Gli interventi attuati con il cambio orario invernale hanno determinato un miglioramento del servizio ferroviario regionale. È quanto emerge dai dati resi noti oggi durante il tavolo territoriale con i comitati dei pendolari e gli enti interessati dal servizio, coordinato dall’assessore regionale a Infrastrutture, Trasporti e Mobilità sostenibile, Claudia Maria Terzi, in corso a Palazzo Pirelli.
“I numeri ufficiali, in seguito agli interventi che abbiamo messo in campo, – ha spiegato Terzi – certificano che le soppressioni sono sensibilmente diminuite e la puntualità è aumentata. Nella fase pre orario invernale (periodo dal 1 ottobre 2018 al 8 dicembre 2018) l’indice di puntualità era del 75%, mentre nella fase post orario invernale (periodo dal 10 dicembre 2018 al 24 maggio 2019) si attesta all’83%. E le soppressioni, nello stesso periodo, calano dal 5,8% all’1,8% (di cui lo 0,6% di responsabilità a Trenord). Questo non significa che tutto vada bene, permangono criticità e c’è ancora molto lavoro da fare, ma siamo riusciti a superare la fase di emergenza e innescare un trend positivo”.
“Oggi – ha proseguito Terzi – abbiamo approvato una delibera in Giunta regionale che sancisce il ripristino progressivo dei servizi ferroviari temporaneamente sostituiti con bus. Questo avverrà gradualmente a partire dal 1 settembre, avendo superato la criticità della carenza di personale e compatibilmente con la disponibilità di nuovo materiale rotabile, senza dimenticare che anche le condizioni dell’infrastruttura incidono da questo punto di vista”.
“Gli sforzi di Regione Lombardia – ha concluso Terzi – per offrire un servizio di qualità sono molteplici.
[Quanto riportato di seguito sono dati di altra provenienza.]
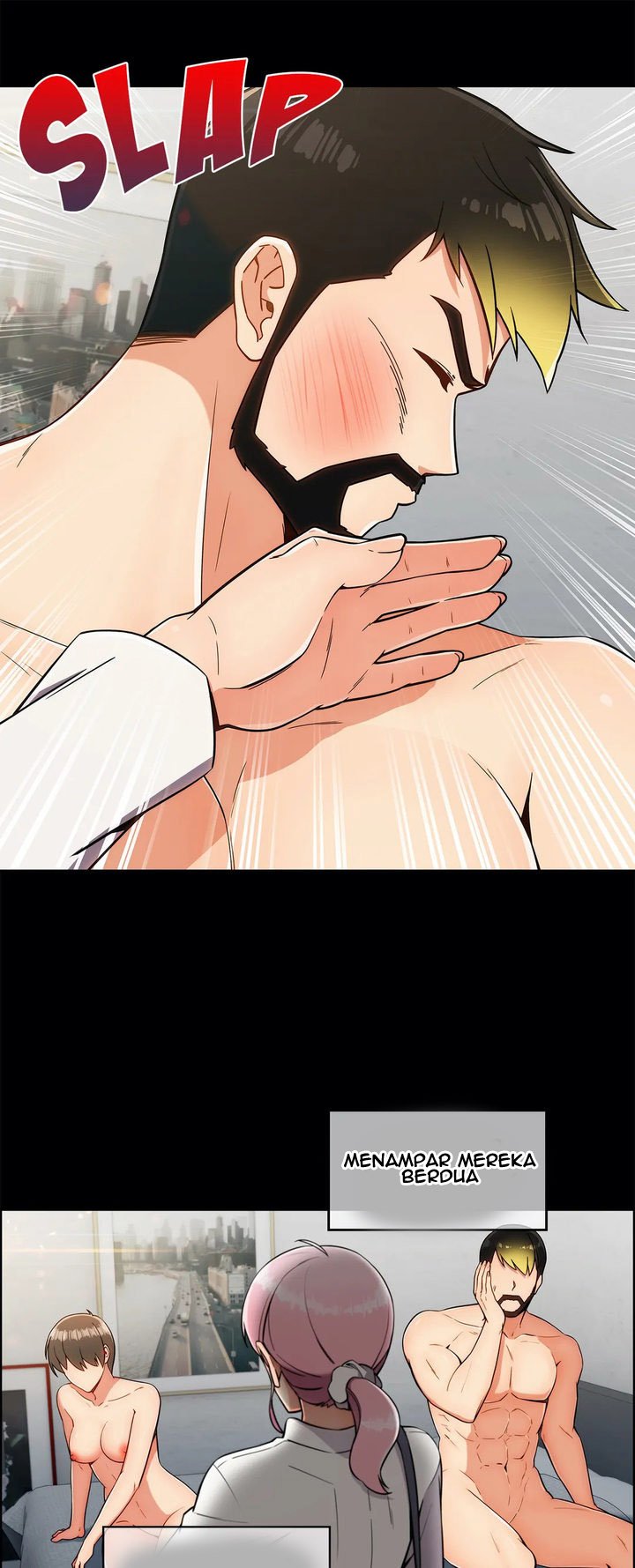 The Stand Up Guy - Chapter 19 9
Uno su tutti l’investimento per 176 treni nuovi, 15 dei quali sono stati acquistati a metà maggio. Un’operazione questa che ci consente, con la collaborazione di Trenitalia, di anticipare la fornitura dei primi convogli da maggio 2020 a novembre 2019. L’arrivo dei nuovi treni consentirà appunto, con gradualità, il ripristino delle corse sostituite con bus. A questo si aggiungerà il lavoro sulle infrastrutture con il piano per la Lombardia di Rfi che abbiamo chiesto e ottenuto: insieme proseguiamo sulla strada del miglioramento del trasporto su ferro nella nostra Regione”.
Alcuni esempi: sulla S9 (Saronno-Seregno-Milano-Albairate) la puntualità è passata dal 68% all’87%, sulla Milano-Mantova dal 70% all’85%, sulla S13 (Milano Bovisa – Pavia) dall’81% all’87%, sulla S8 (Lecco-Carnate-Milano) dal 63% al 77%, sulla Milano-Pavia-Stradella dal 59% al 78% e sulla Brescia-Cremona dal 65% al 89%.